Печатается по тексту газеты ‘Искра’

——

1 Военные поселения — специальная организация войск в России, были введены при Александре I. Организуя военные поселения, царское правительство рассчитывало сократить расходы на содержание армии, иметь подготовленные резервы для военного времени и, в лице создаваемой изолированной от народа военной касты, получить опору против растущего революционного движения. Главным начальником военных поселений был назначен военный министр, крайний реакционер А. А. Аракчеев (отсюда название — аракчеевские поселения).
Все крестьяне, живущие на территории, отводимой под военные поселения, превращались в пожизненных солдат. Из военных поселенцев в возрасте от 18 до 45 лет (‘хозяев’) комплектовались военные подразделения, остальные крестьяне, годные к военной службе, становились ‘помощниками хозяев’. Каждый хозяин — поселянин должен был кормить своим трудом трех солдат, расположенных на постое в военных поселениях.
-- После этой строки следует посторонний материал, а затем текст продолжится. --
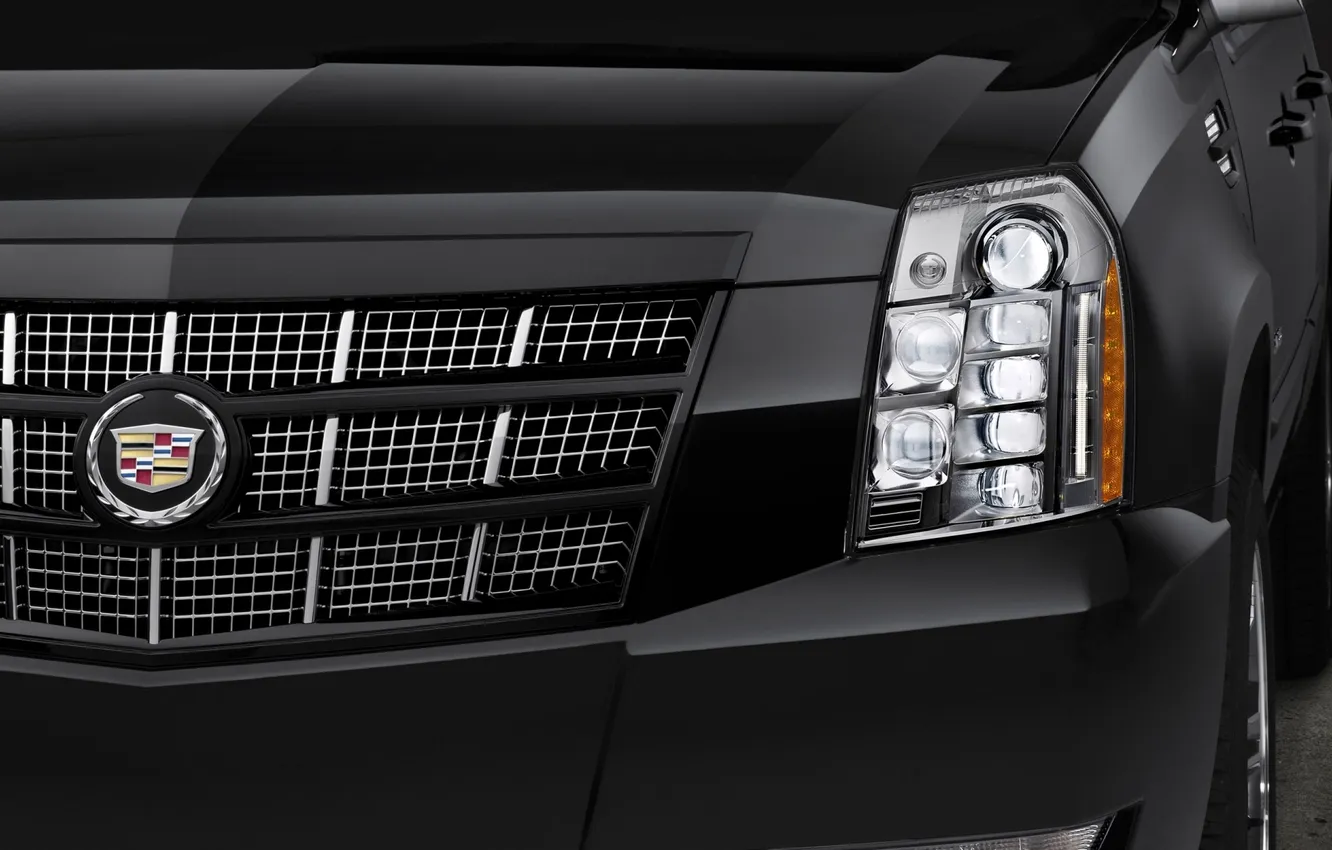 Фото обои чёрный, Cadillac, фара, джип, внедорожник, эмблема, Escalade, передок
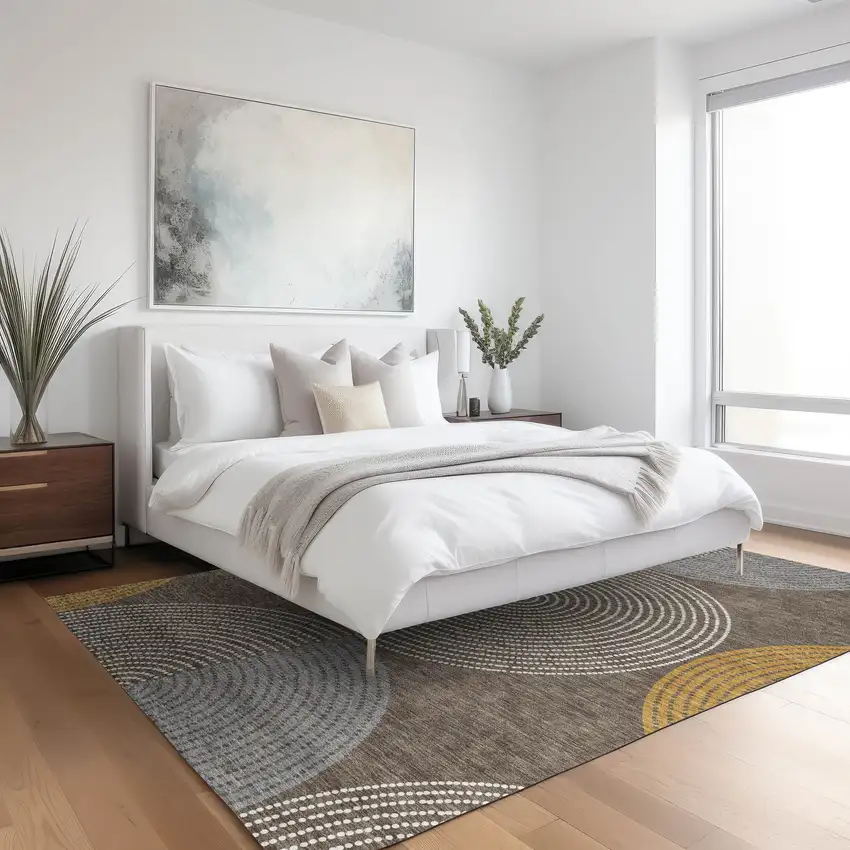 Brown And Ivory Geometric Washable Indoor Outdoor Area Rug Photo 9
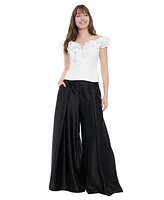 Muse Women's Scuba Crepe Ruffled-Neckline Top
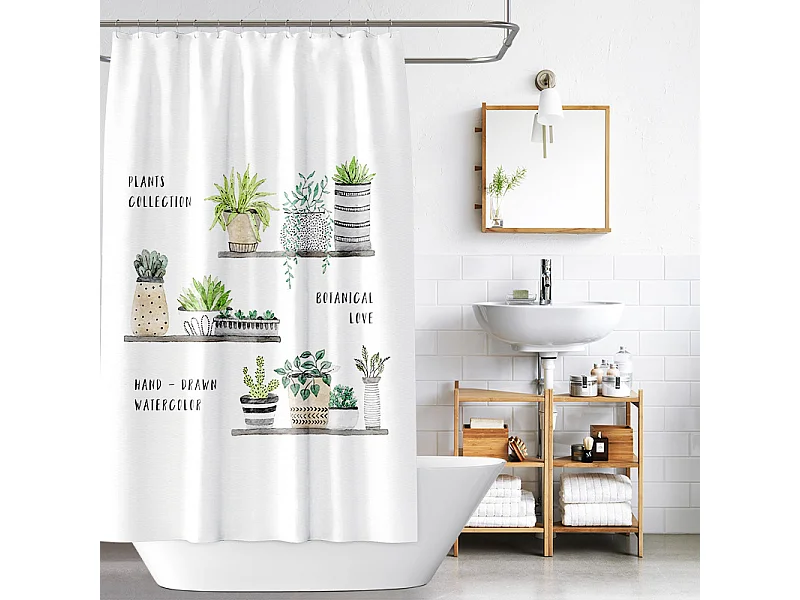 Rideau Douche Anti Moisissure étanche motif plantes en pot, Rideau de Douche pour Salle de Bain, 180 x 180 cm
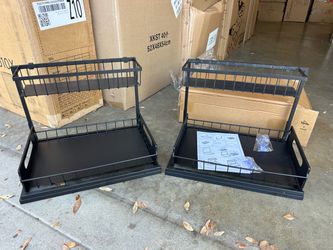 2 packs Under Sink Organizer, L-Shaped 2 Tier Pull Out Cabinet Organizer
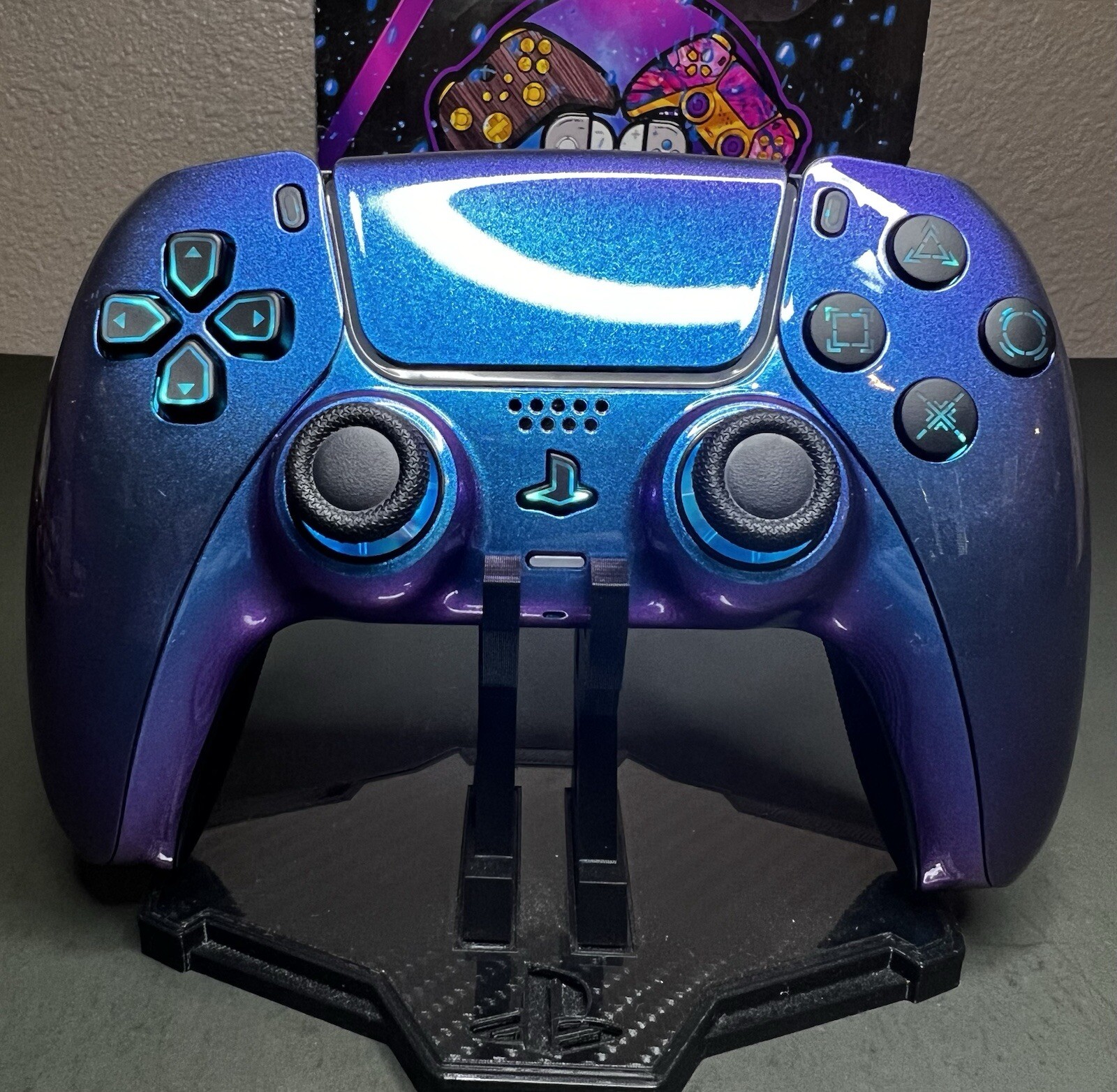 Two-Tone Chameleon Blue – RGB LED – Custom Wireless Controller for PS5 Or PC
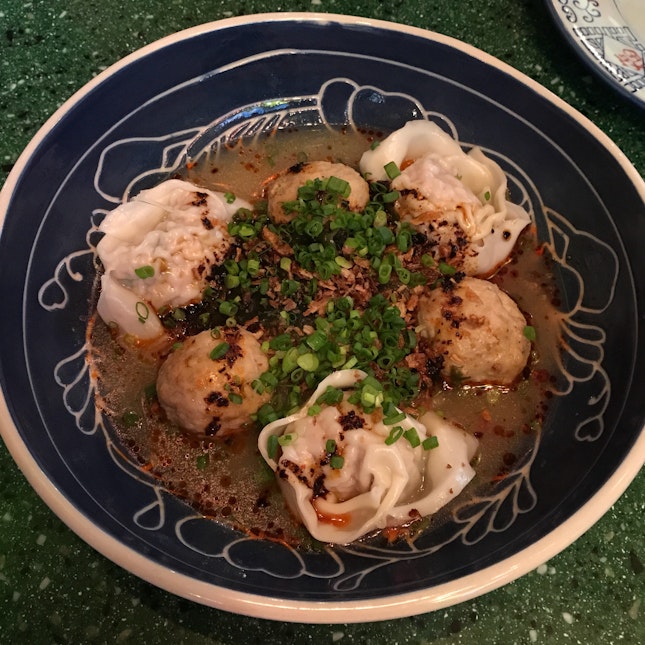 Homemade dumplings in chilli broth [$17]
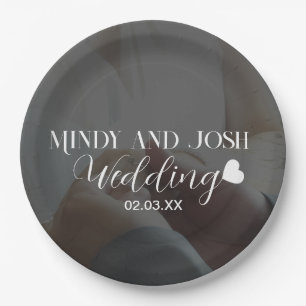 Elegant Script Heart Photo Paper Plates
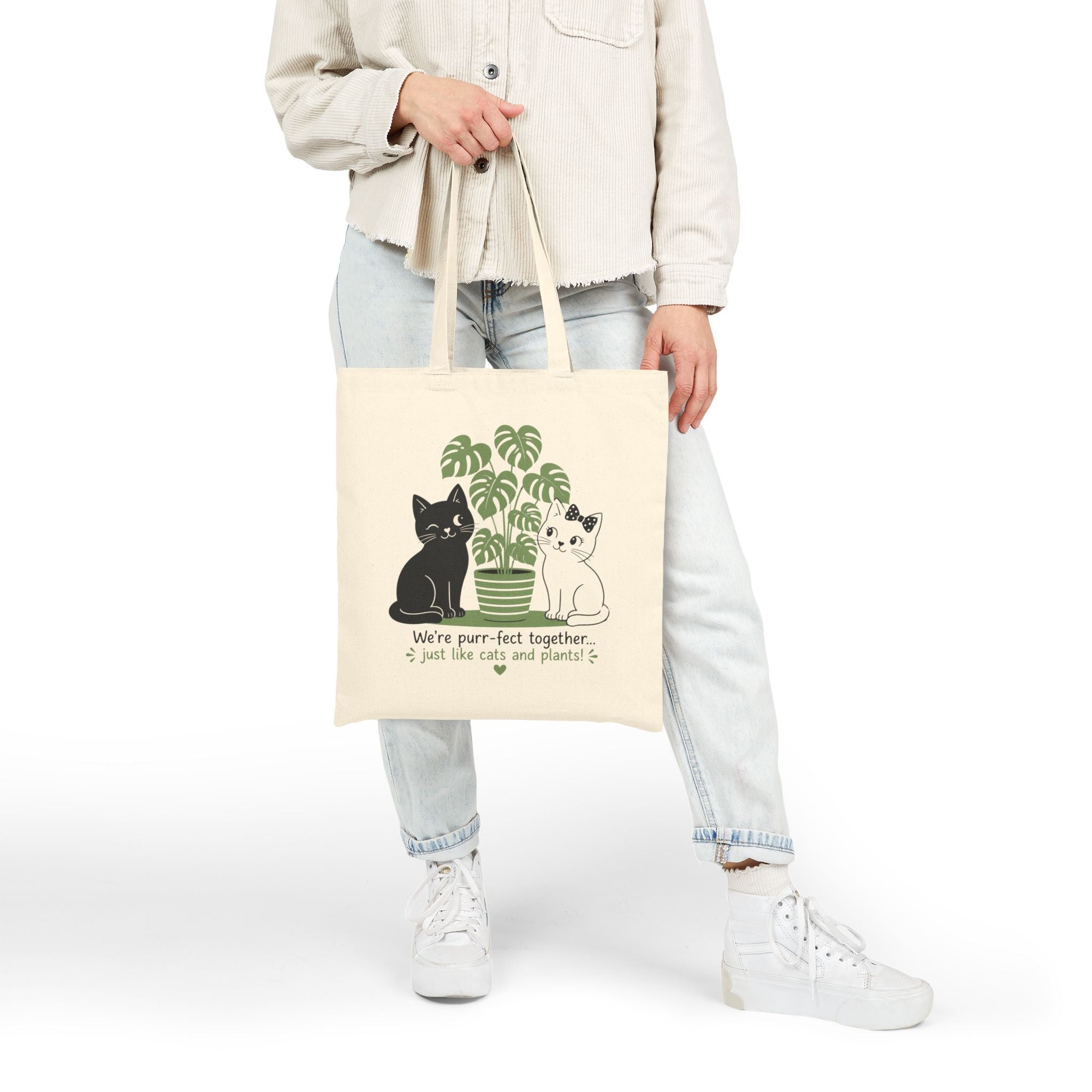 Cotton Canvas Tote - Cute White & Black Cat Charming Love Design - Perfect Together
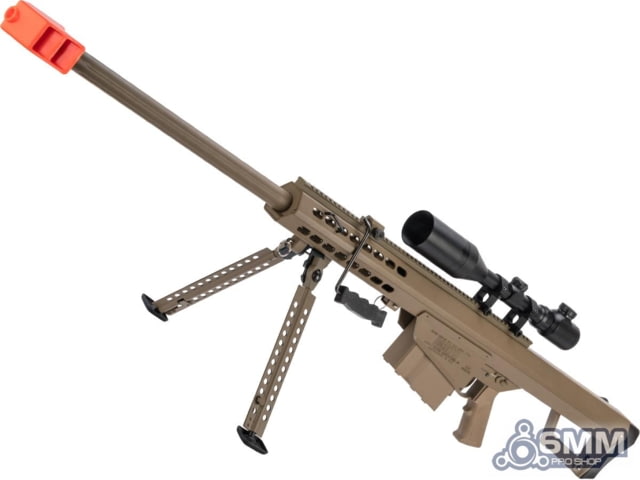 6mmProShop Barrett Licensed M82A1 Bolt Action Powered Airsoft Sniper Rifle Tan - 6Mmproshop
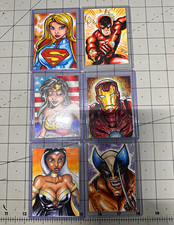 Chris McJunkin 2016 DC/Marvel 1 of 1 Sketch Cards Lot of 6 -Supergirl, Iron Man picture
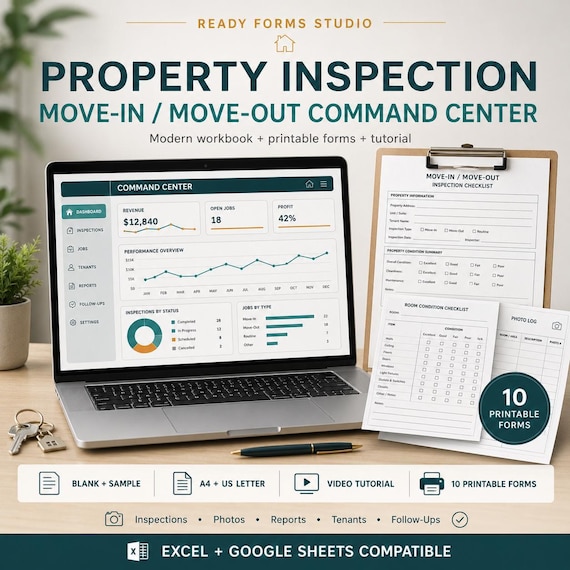 Property Inspection Spreadsheet | Move-In Move-Out Checklist, Damage Tracker, Repair Estimate, Work Orders & Dashboard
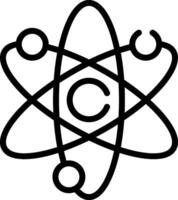 A black and white image of an atom symbol vector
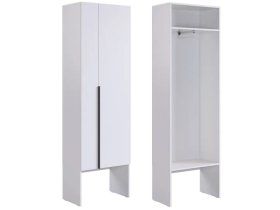 Шкаф двухдверный L600 Баско белое дерево в Сургуте - surgut.mebel-tymen.ru | фото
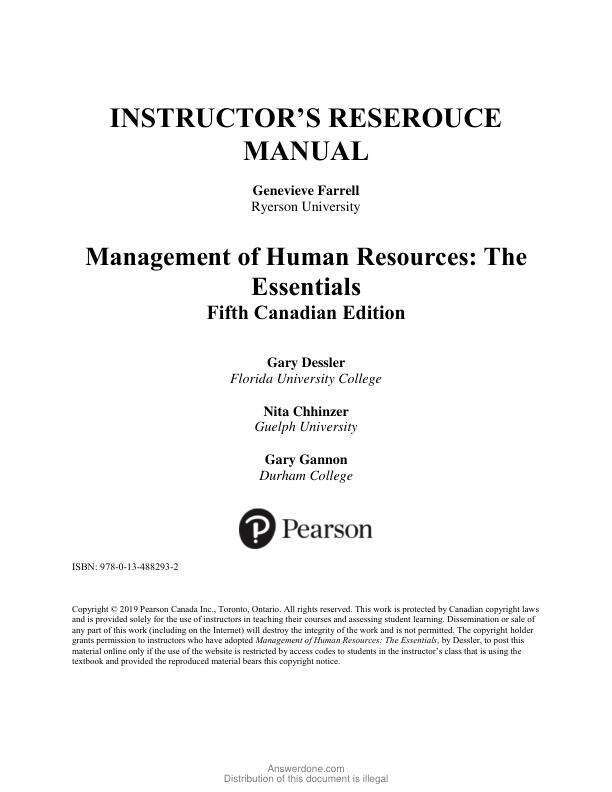Solution Manual For Management of Human Resources The Essentials, 5th Edition by Gary Dessler, Nita Chhinzer, Gary L. Gannon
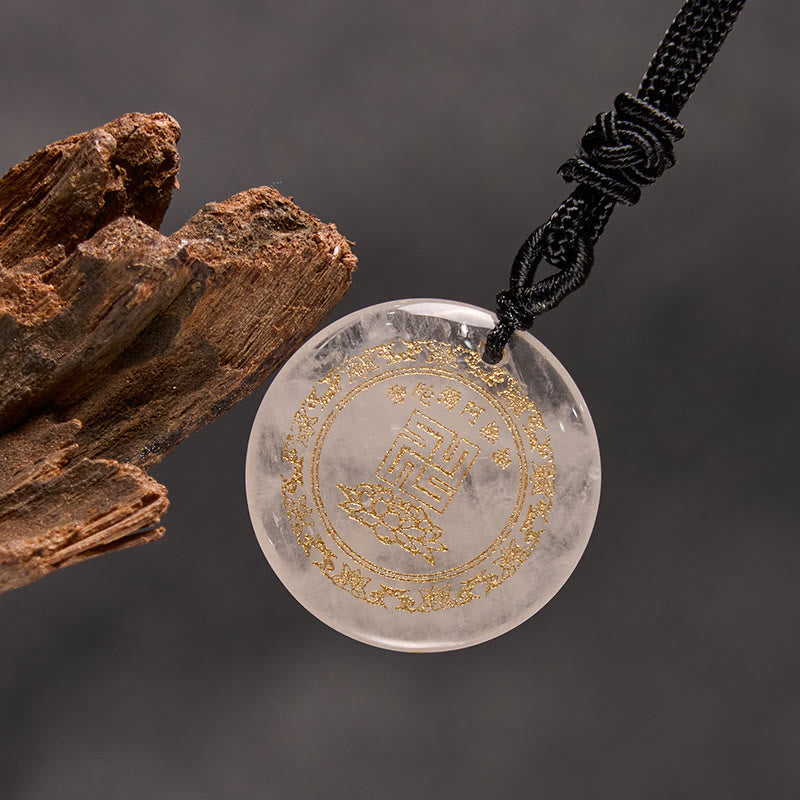 Swastika Lotus Pattern Natural Various Crystal Black Obsidian Purification Necklace Pendant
Все поселенцы обязаны были носить военную форму, постоянно проходить военное обучение. Их жизнь подчинялась суровому режиму и подвергалась строгой регламентации даже в семейных вопросах. Военная муштра и различные регламентированные военные работы не оставляли времени для ведения хозяйства, которое все более и более разорялось.
Каторжные условия жизни и работы в военных поселениях вызывали неоднократные крупные восстания, которые подавлялись царскими войсками с неимоверной жестокостью. В 1857 году военные поселения были упразднены.
2 См. настоящий том, стр. 14—13. Ред.